Start of Input data
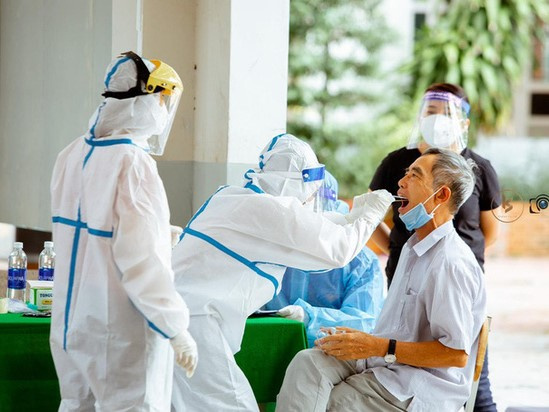 Thêm 2 ca mắc ngoài cộng đồng, Bà Rịa-Vũng Tàu xét nghiệm miễn phí 3 ngày/lần cho shipper
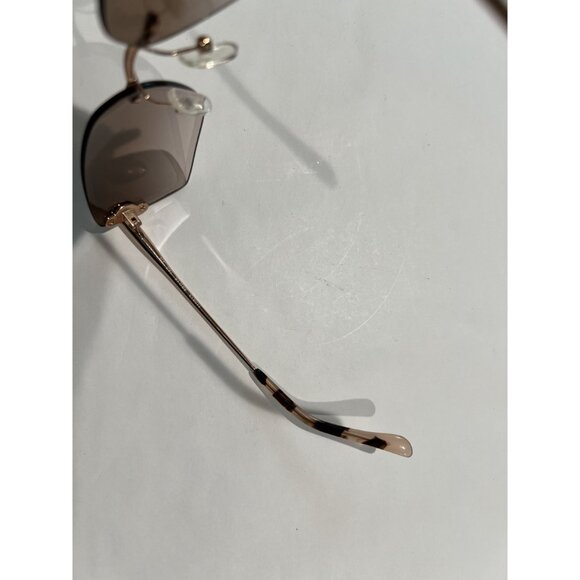 Michael Kors Sedona Sunglasses in Gold - Picture 4 of 4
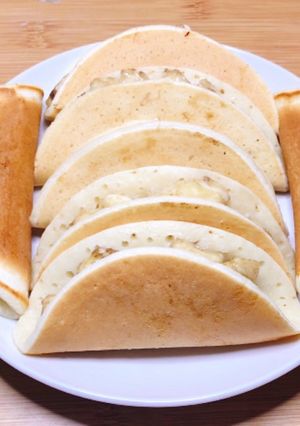 Foto resep Ide jualan 1000an martabak lipat teflon tanpa telur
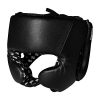 Title USA Boxing Amateur Competition Headgear (w/Cheeks), Blank Black, Small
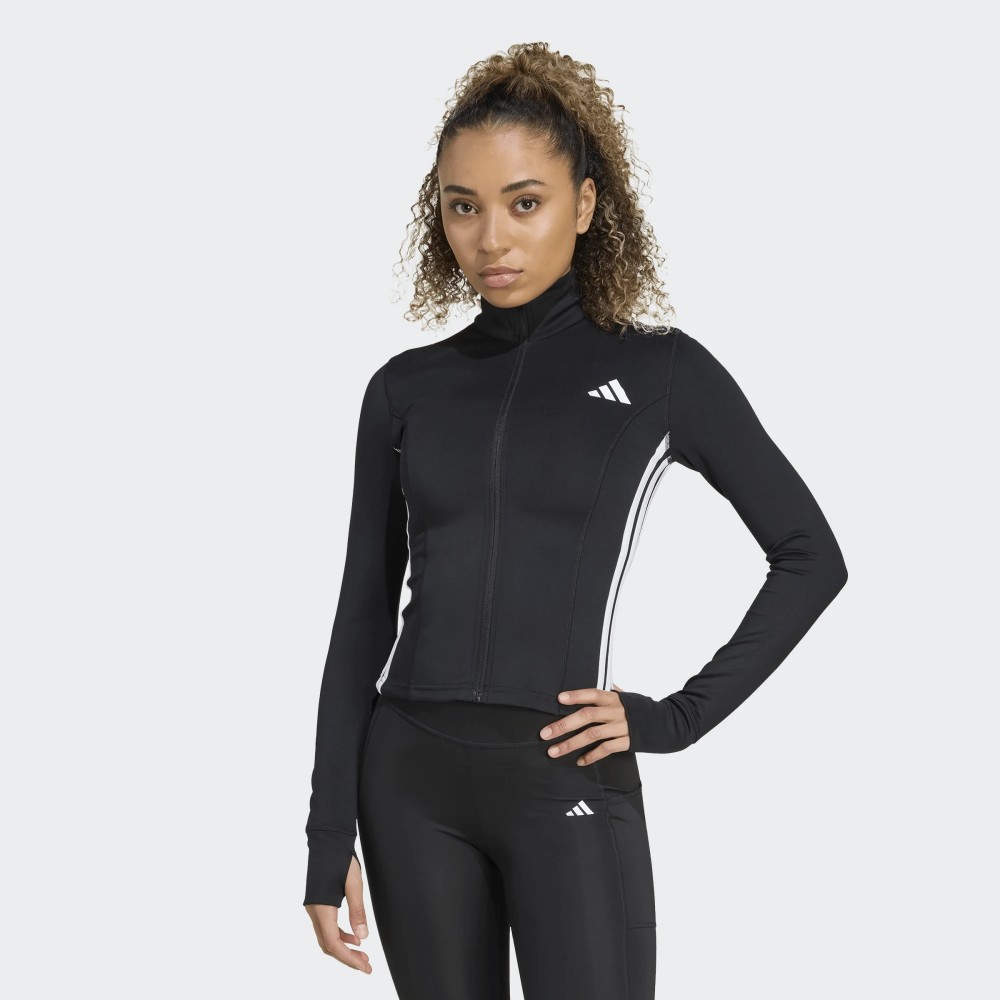 Γυναικεία Ζακέτα Adidas WE JKT 3S KB7843 Black/White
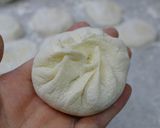 ジューシー牛肉まんじゅう・・・中華点心作り方9写真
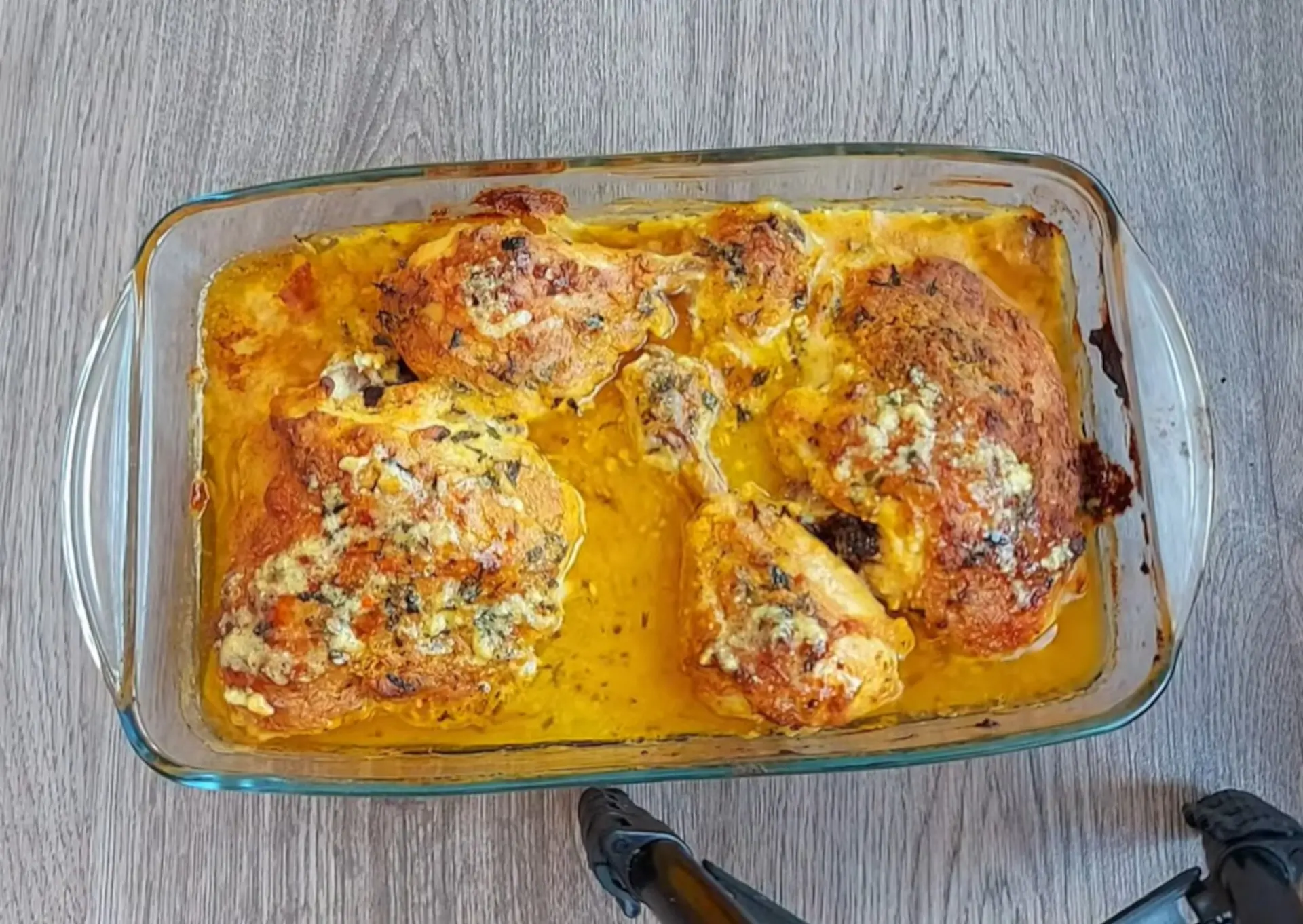 Recept Dana: Zapečena Piletina - Preukusna, Brza I Jeftina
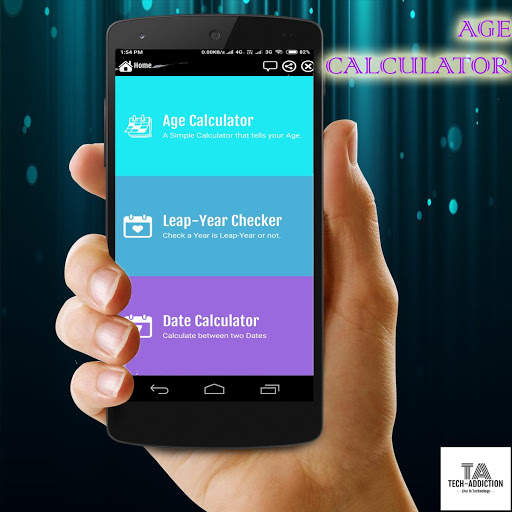Age & Date Calculator screenshot 2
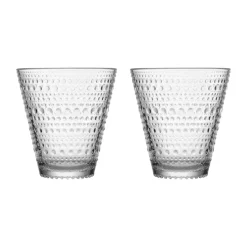 Alla Glas|Dricksglas*IITTALA Dricksglas 30cl 2-pack Klar
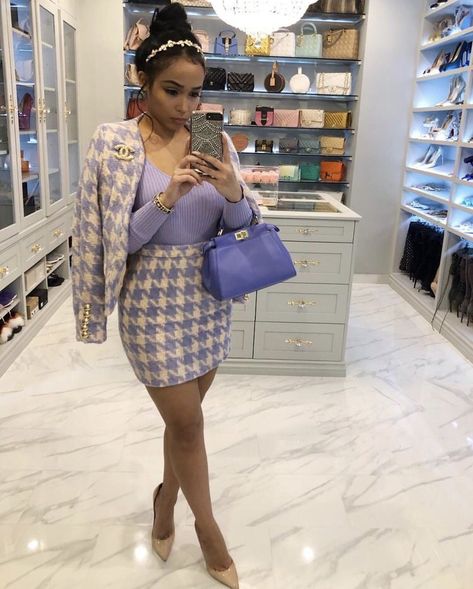 Chique Outfits, Houndstooth Skirt, Date Outfits, Professional Outfits, Night Outfits, Fashion Killa, Date Night Outfit, Look Fashion, Classy Outfits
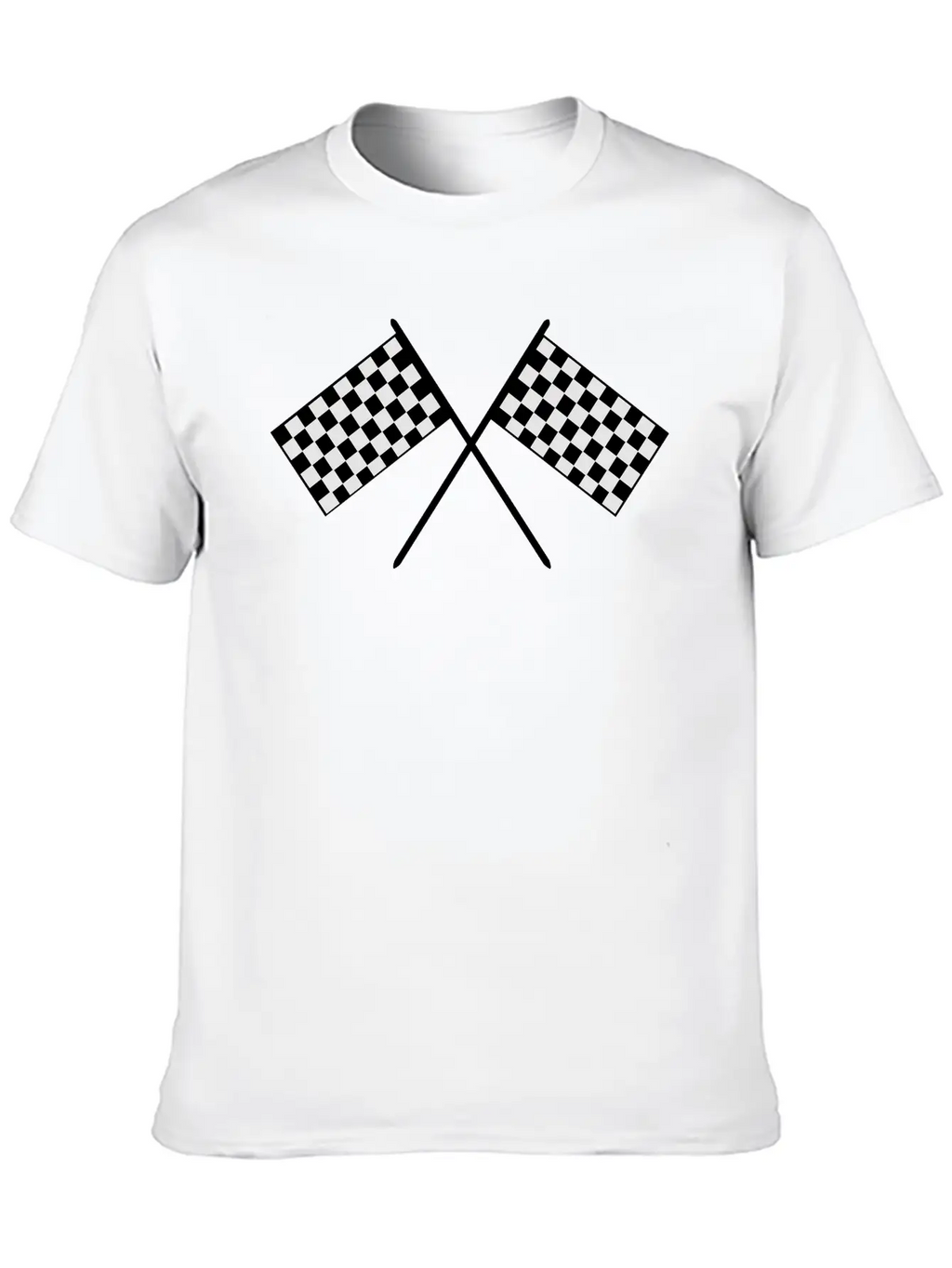 Grand Prix Flags Classic Cotton Tee – Unisex Comfort For Any Season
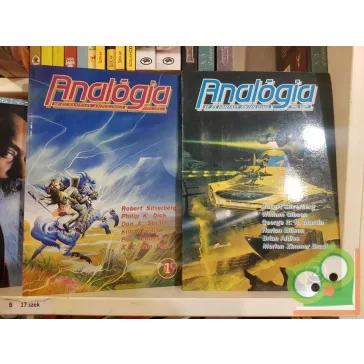   Gáspár András (szerk.), Novák Csanád (szerk.): Analógia (Analógia 1., 2.)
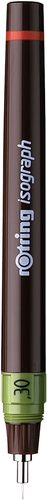רפידוגרף /  עט טכניRotring Isograph Technical Pen בעובי 0.30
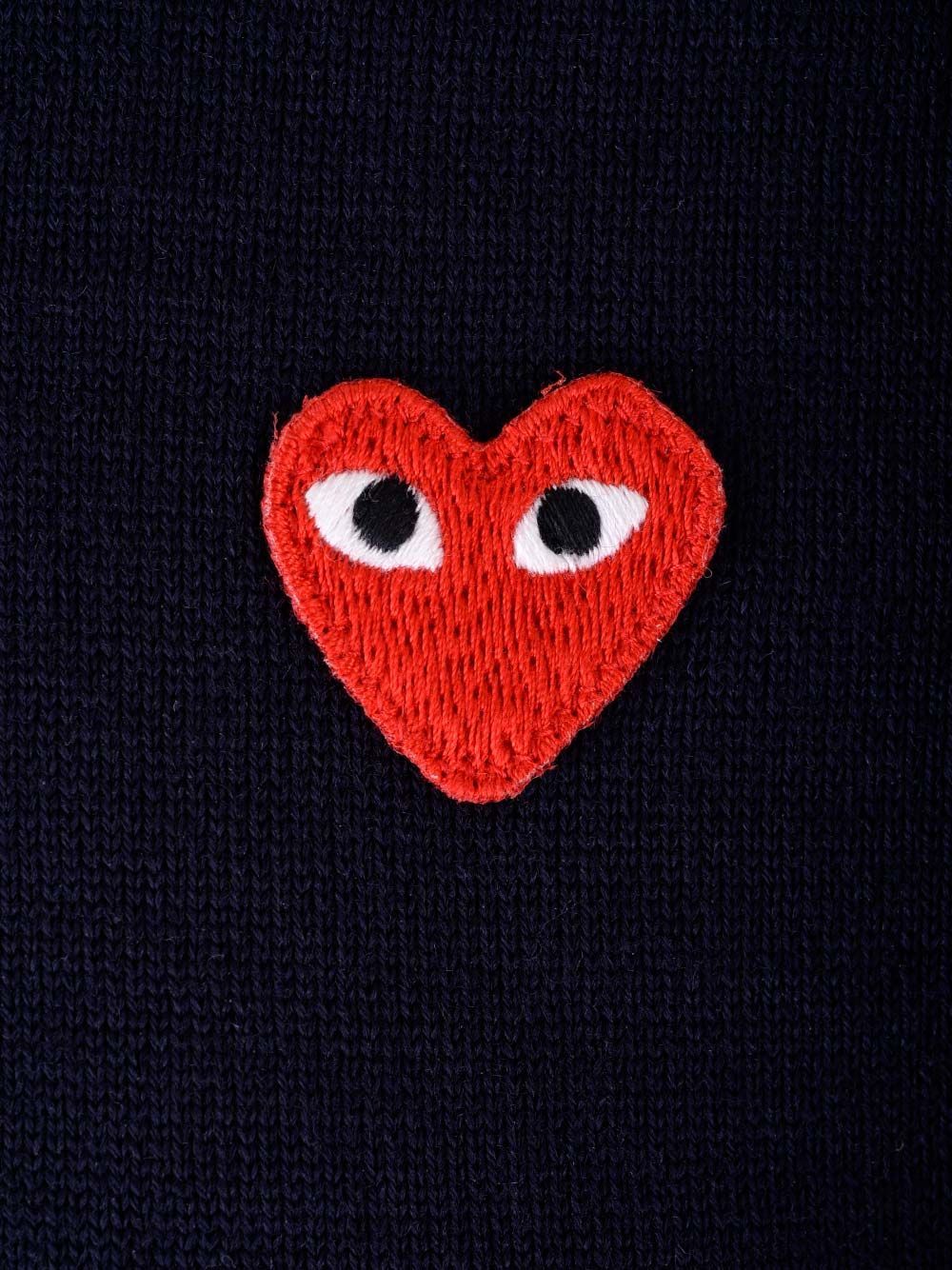 [COMME DES GARCONS PLAY] Shirts Short Sleeve SS24 AX-N094-0512-NAVY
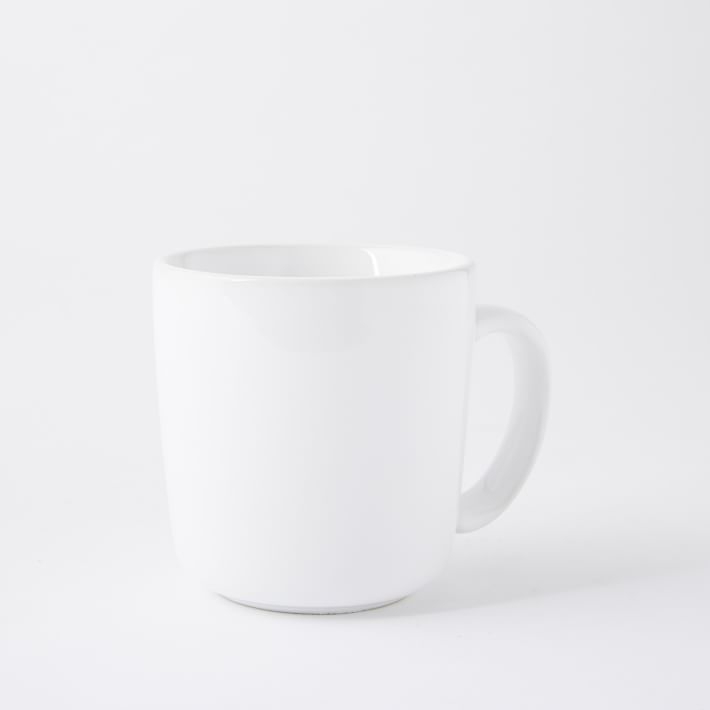 Palette Mug - Solid (Set Of 4) - White - Image 0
End of Input data
■ **Task requirements**:
Line for line, output the entries above from the line with "Age & Date Calculator screenshot 2" to the line with "Grand Prix Flags", both included, and nothing more. Skip pictures.

■ **Exercise output**:
Age & Date Calculator screenshot 2
 Alla Glas|Dricksglas*IITTALA Dricksglas 30cl 2-pack Klar
 Chique Outfits, Houndstooth Skirt, Date Outfits, Professional Outfits, Night Outfits, Fashion Killa, Date Night Outfit, Look Fashion, Classy Outfits
 Grand Prix Flags Classic Cotton Tee – Unisex Comfort For Any Season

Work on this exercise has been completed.